Gefährlich Arbeit mit Giftgas und Rauschdrogen
Angetan von den hervorragenden Zeugnissen, stellte Professor Wöhler ihn als Gehilfen in seinem neuen Laboratorium an. In Wöhlers Auftrag sollte Niemann die Wirkung des braunen Chlorschwefels (Dischwefeldichlorid) auf Ethylen untersuchen.
Die Experimente mit dem daraus synthetisierten Dichlordiethylsulfid, das im 1. Weltkrieg unter der Bezeichnung "Senfgas" / "Lost" militärisch als Giftgas eingesetzt wurde, war vermutlich auch die Ursache für seinen frühen Tod zwei Jahre später.
Doch zunächst übertrug Wöhler ihm eine weitere wichtige Aufgabe: die Erforschung der Coca-Blätter. Bereits Ende des 15. Jahrhunderts hatte ein spanischer Priester aus Südamerika über den Gebrauch eines Genussmittels berichtet, das Hungergefühle reduziere und große Kraft- und Ausdauerleistungen ermögliche.

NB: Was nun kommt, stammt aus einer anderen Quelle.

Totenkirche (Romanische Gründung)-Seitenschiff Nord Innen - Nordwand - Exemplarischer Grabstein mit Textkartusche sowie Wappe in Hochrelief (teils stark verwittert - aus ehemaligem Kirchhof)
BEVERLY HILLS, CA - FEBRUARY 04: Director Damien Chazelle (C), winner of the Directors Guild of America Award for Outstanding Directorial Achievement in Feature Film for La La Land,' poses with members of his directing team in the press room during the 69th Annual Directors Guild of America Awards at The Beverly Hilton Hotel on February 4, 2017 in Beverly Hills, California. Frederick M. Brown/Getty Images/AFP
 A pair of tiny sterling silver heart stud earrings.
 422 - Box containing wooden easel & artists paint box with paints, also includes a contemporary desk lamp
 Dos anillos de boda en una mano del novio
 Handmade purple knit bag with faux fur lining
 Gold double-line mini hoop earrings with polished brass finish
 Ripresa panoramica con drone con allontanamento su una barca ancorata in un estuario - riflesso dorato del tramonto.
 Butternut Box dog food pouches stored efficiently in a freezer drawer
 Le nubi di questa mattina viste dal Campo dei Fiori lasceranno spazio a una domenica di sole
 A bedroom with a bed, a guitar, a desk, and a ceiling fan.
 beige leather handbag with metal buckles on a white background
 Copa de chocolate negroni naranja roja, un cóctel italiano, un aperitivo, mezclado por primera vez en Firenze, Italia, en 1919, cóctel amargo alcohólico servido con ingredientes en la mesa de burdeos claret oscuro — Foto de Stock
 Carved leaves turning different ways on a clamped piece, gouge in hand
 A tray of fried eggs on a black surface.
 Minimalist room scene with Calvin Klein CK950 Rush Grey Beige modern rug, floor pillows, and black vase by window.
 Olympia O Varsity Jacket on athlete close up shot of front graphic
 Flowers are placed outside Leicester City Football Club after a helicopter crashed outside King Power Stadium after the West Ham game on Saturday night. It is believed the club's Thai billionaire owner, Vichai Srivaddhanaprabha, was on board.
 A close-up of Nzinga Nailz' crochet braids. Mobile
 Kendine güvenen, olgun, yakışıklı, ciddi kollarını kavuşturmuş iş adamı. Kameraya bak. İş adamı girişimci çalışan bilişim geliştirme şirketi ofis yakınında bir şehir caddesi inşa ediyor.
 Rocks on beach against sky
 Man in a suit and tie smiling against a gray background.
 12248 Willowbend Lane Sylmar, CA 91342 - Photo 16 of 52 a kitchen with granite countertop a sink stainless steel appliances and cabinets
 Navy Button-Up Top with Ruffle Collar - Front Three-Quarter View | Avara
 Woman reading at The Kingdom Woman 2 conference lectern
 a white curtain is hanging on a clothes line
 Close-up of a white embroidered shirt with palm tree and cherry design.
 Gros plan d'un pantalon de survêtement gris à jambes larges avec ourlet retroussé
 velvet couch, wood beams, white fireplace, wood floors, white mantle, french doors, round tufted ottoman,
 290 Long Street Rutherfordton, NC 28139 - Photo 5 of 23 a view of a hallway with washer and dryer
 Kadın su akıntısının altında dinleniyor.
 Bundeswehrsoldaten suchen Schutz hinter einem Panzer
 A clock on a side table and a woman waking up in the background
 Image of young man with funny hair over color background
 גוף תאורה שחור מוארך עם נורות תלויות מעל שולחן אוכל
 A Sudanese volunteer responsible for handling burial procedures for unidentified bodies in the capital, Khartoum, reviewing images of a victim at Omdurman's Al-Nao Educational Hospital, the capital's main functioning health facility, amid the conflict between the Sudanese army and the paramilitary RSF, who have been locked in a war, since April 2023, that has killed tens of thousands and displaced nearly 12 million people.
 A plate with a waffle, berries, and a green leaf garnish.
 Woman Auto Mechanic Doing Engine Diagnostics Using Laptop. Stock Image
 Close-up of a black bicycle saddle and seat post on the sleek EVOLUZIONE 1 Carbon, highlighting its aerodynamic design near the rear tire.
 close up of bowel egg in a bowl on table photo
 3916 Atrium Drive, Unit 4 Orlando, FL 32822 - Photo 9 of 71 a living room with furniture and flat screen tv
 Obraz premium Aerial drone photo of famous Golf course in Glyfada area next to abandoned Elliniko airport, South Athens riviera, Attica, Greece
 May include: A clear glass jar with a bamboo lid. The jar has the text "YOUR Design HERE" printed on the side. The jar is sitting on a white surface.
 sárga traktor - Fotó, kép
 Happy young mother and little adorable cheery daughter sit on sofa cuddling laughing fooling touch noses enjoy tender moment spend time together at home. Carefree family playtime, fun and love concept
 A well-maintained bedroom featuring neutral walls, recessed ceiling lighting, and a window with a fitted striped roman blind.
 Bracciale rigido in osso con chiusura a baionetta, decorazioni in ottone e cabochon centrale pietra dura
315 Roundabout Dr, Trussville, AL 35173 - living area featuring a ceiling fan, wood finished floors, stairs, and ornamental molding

Die Coca-Blätter kauenden Bergarbeiter in Peru steigerten so ihre Produktivität und die Gewinne der Minenbesitzer.
Im 19. Jahrhundert weckte das Wundermittel dann das Interesse vieler europäischer Forscher. Problematisch war jedoch die Beschaffung der Coca-Blätter in ausreichender Menge. Zudem beeinträchtigten lange Transportwege die Qualität des Materials.
Durch gute Beziehungen erhielt Wöhler 1859 von einer österreichischen Expedition eine "Kiste voll Koka-Blätter", insgesamt 60 Pfund. Nach nur drei Monaten gelang Albert Niemann die Isolierung des Alkaloids.
In seiner Dissertation "Über eine organische Base in den Cocablättern" beschreibt er die narkotisierende Wirkung der Substanz, "welche eine eigenthümliche Betäubung auf der Stelle der Zunge, auf welche man die Lösung brachte" erzeugte. Die Ergebnisse gelten als die Geburtsstunde der Lokalanästhesie.
1862 begann der Arzneimittelhersteller Merck in Darmstadt mit der kommerziellen Kokain-Produktion. 3,6 Gramm kosteten damals 16 Mark. Auch Sigmund Freud erhielt zu Versuchszwecken Kokain von Merck.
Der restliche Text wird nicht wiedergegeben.